Walt came up with the idea for "Snow White" when he was only 15, working as a newsboy in Kansas City. He saw a major presentation of a silent film version of the tale starring Marguerite Clark. The screening was held at the city's Convention Hall in February, 1917, and the film was projected onto a four-sided screen using four separate projectors. The movie made a tremendous impression on the young viewer because he was sitting where he could see two sides of the screen at once, and they were not quite in sync.

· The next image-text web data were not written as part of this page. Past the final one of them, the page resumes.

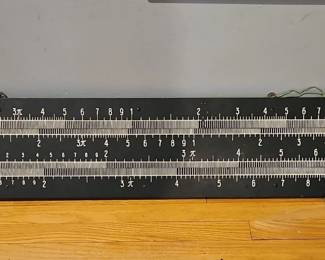 Vintage Welch Demonstration Slide Rule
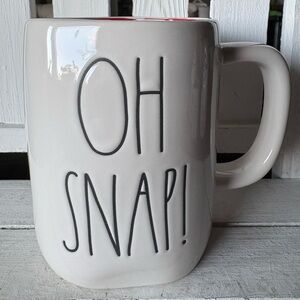 Rae Dunn Cream Mug - Oh Snap!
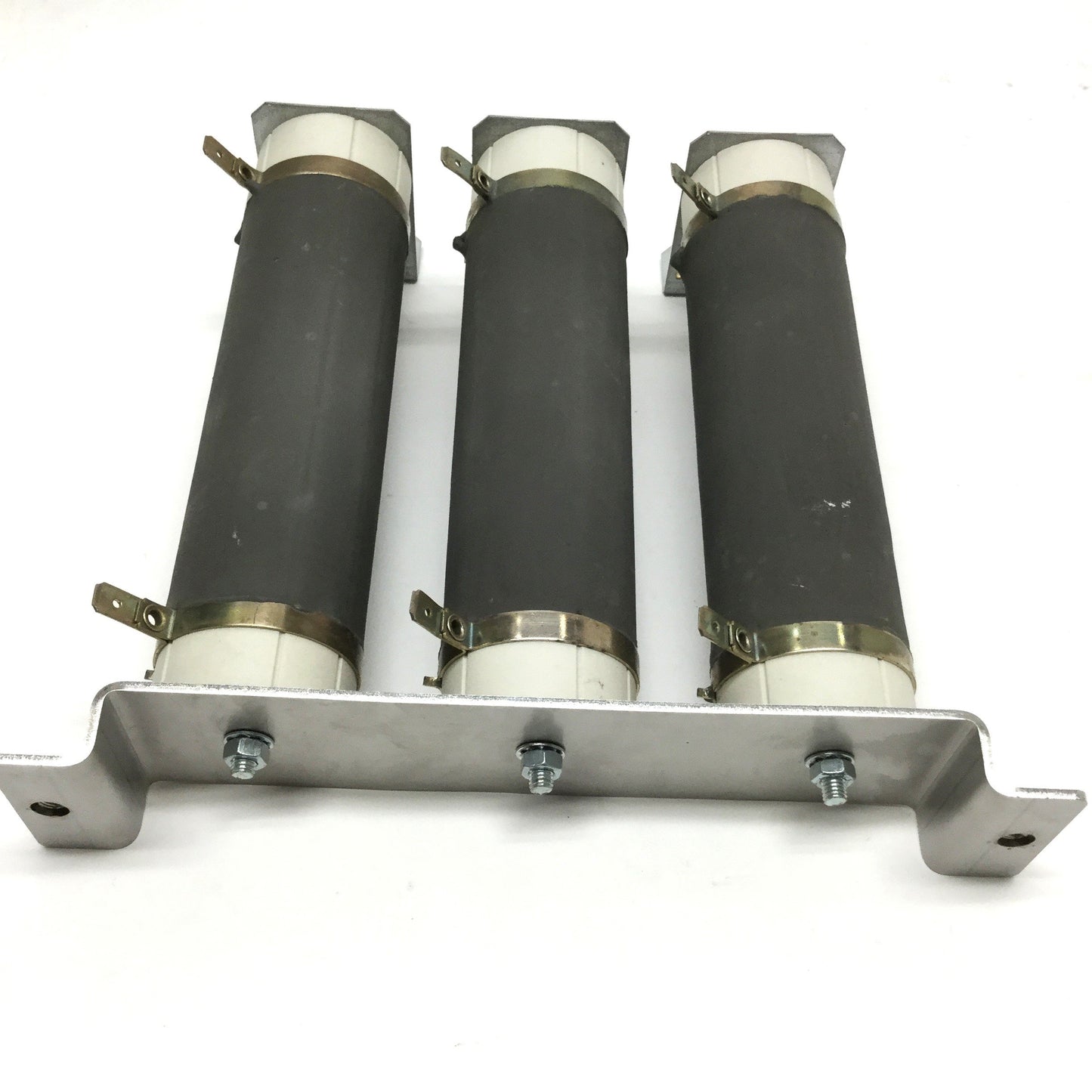 Used Lot of 3 Frizlen FZW160X45S-1,8KΩ5 Wirewound Tubular Resistors 150W, 1.8kOhm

For a while after its release the film was the highest-grossing motion picture of all time, until it was finally surpassed by "Gone With the Wind" a couple of years later. This statistic is all the more surprising when one realizes that children were paying a dime to get into the theaters in 1937, and the film, of course, had great appeal to that age group. The original worldwide gross was $8.5 million, a figure that would translate into several hundreds of millions of dollars today. In England, the film was deemed too scary for children, and those under 16 had to be accompanied by a parent.

"Snow White" was the first animated feature film ever. Costing $1.4 million, and featuring such classic songs as "Someday My Prince Will Come," "Heigh Ho," and "Whistle While You Work," the film was in production for three years and utilized more than 750 artists. From many who auditioned for the voice of Snow White (Walt turned down Deanna Durbin), he chose the young singer Adriana Caselotti. Harry Stockwell, the father of Dean Stockwell, did the voice of the prince, and many radio and screen personalities were selected for other roles, including Lucille LaVerne as the Queen and Billy Gilbert as Sneezy. Pinto Colvig (Goofy) did the voice of two of the Dwarfs.

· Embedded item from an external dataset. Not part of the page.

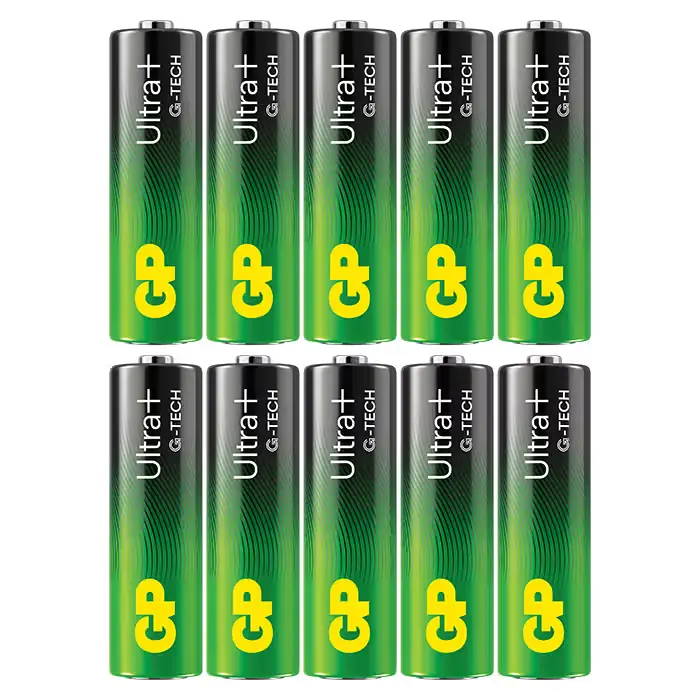 GP-BATTERI GP Ultra Plus Alkaline AA-batteri 15AUP/LR6 10-pak | Populært valg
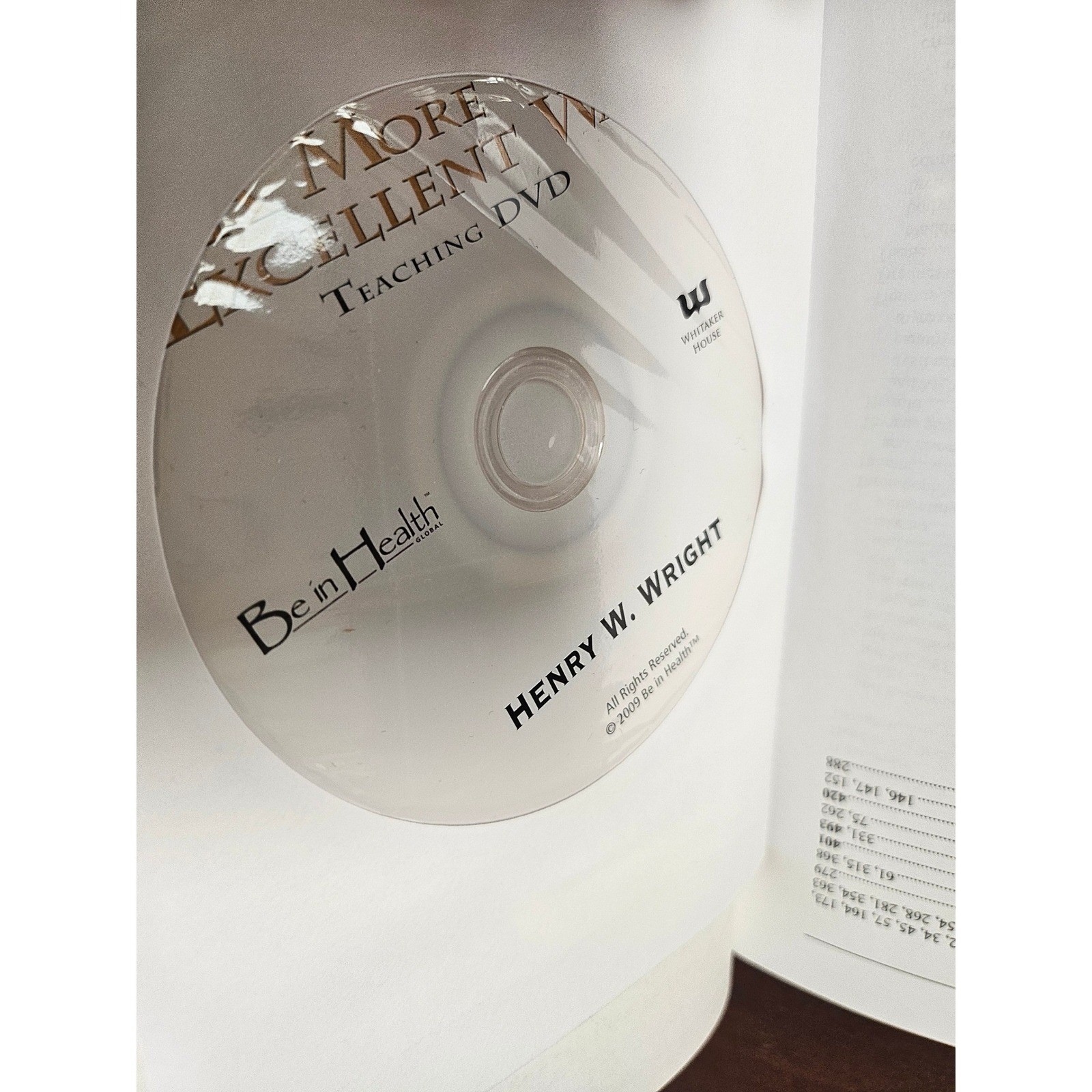 Whitaker House A More Excellent Way Henry Wright OS White Excellent Book DVD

Supervising director: David Hand. Animators: Hamilton Luske, Grim Natwick, Jack Campbell, Robert Stokes, Les Clark, Milt Kahl, Hugh Frasier, Eric Larson, Marc Davis, Paul Busch, and Antonio Rivera. 83 min. Starring: Adriana Caselotti (Snow White), Harry Stockwell (Prince), Lucille LaVerne (Queen), Billy Gilbert (Sneezy), and Pinto Colvig (Dwarfs). A stage version of the movie played at Radio City Music Hall in New York in 1979. For its 1993 reissue the film was completely restored, being the first ever to be completely digitized by computer, cleaned up, and then printed back to film. The film was reissued eight times, in 1944, 1952, 1958, 1967, 1975, 1983, 1987, and 1993, and released on video in 1994. The film received a special Academy Award® in 1939 consisting of one full-size Oscar® and seven dwarf Oscars, all presented to Walt Disney by Shirley Temple.